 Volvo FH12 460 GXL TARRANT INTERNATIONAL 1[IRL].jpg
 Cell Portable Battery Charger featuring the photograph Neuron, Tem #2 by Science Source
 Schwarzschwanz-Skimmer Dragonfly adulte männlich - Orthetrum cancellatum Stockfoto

● ● ●

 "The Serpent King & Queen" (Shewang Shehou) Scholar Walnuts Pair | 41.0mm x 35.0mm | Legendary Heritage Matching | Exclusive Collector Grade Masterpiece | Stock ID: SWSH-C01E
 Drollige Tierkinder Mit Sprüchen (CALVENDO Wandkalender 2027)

● ● ●

WORK REQUIRED ->
Copy word for word the stretch of entries above from the line that has "Cell Portable Battery" through the line that has "Schwarzschwanz-Skimmer Dragonfly adulte", both ends included, and nothing outside it.

YOUR RESPONSE ->
 Cell Portable Battery Charger featuring the photograph Neuron, Tem #2 by Science Source
 Schwarzschwanz-Skimmer Dragonfly adulte männlich - Orthetrum cancellatum Stockfoto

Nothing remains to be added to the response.